Problem. What you produce should be the lines from the line containing "Royce Hotel 3" through the last line below, both ends included, reproduced exactly and without pictures.

Data segment.
━━━━━━━━━━━━━━━━━━━━━━━━━━━━━━
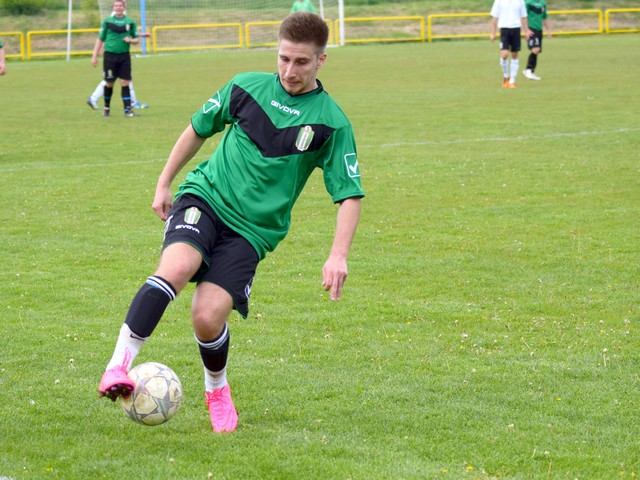 Futbal, 7. liga B: Koplotovce vyhrali v Chtelnici, Mokrička úradoval vo Veselom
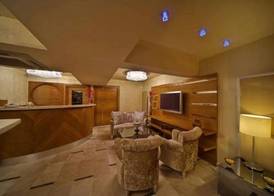 Royce Hotel 3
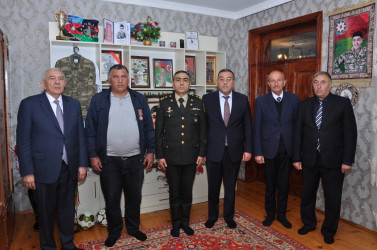 Tovuz döyüşlərində şəhid olan hərbçilərimizin ailələrinə “Vətən uğrunda” medalları təqdim olunub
━━━━━━━━━━━━━━━━━━━━━━━━━━━━━━
Response to this task.
 Royce Hotel 3
 Tovuz döyüşlərində şəhid olan hərbçilərimizin ailələrinə “Vətən uğrunda” medalları təqdim olunub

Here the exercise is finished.